Dr. Amdahl with Dr. Hanzo Omi, the first Fujitsu man he met (about 1966).  "Dr. Omi was a very fine gentleman and scientist and had been knighted twice by the emperor for his technical contributions." G. Amdahl

(Q) After developing the System 360 at IBM, how did you end up in California again?

(A) I was quite tired of the time and politicking demands and remembered vividly that I had agreed to go east for a minimum of 4 months and a maximum of 7 months.  I also knew that Dr.

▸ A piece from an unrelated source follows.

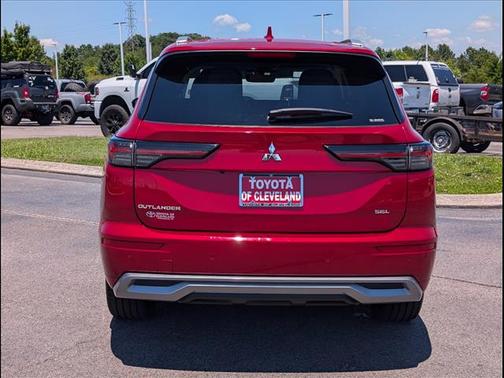 Red 2025 Mitsubishi Outlander SEL S-AWC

Piore’s intent was for me to go to the Silicon Valley area when returned to California.  I then structured my plan by calling Stanford’s Engineering School to see if they would invite me to be a visiting professor for a couple of quarters.  They did, so I informed management that I was returning to California as a visiting professor and that I would go on my own or as an IBM employee, it was up to them.  They elected the latter, and I moved in the fall of 1964. 

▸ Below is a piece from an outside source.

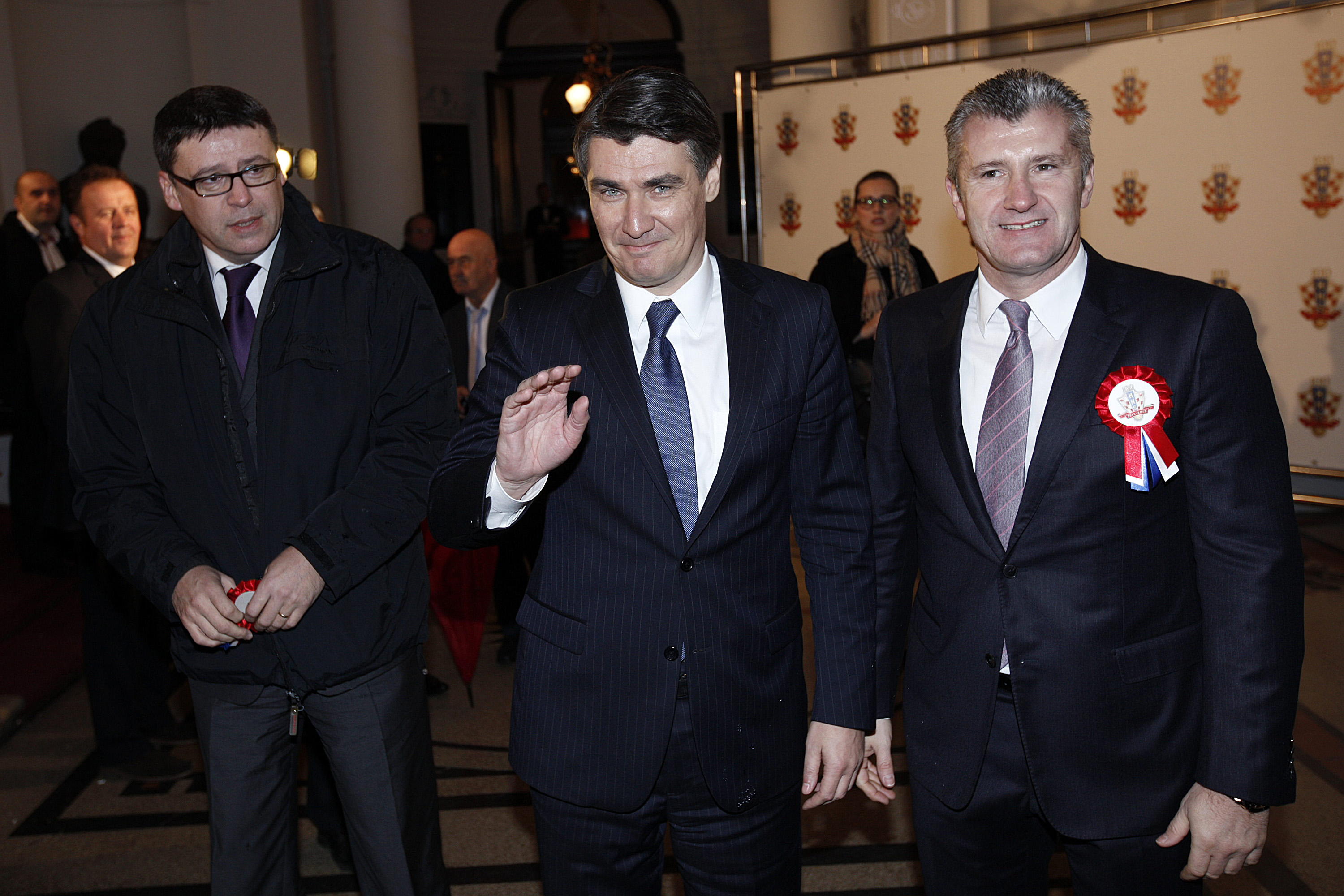 hns_100_god14-041212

(Q) Was your Stanford experience satisfying?

(A) In January [1965] I taught computer design at Stanford; this was quite interesting, for I experienced quite a large range in the ease that the students had in their grasp of the material.  I never determined the reason, for I had no knowledge of their previous experiences.  The second quarter I taught was concentrated on the analysis and explanations for the performance of a cache memory in enhancing the speed of the computer.  It was not too well organized, for I was trying to increase my own understanding.  Concurrently I was working on a number of my pet problems at the IBM lab in Los Gatos, with remarkable success.

(Q) Was IBM still planning ways to use your design talent?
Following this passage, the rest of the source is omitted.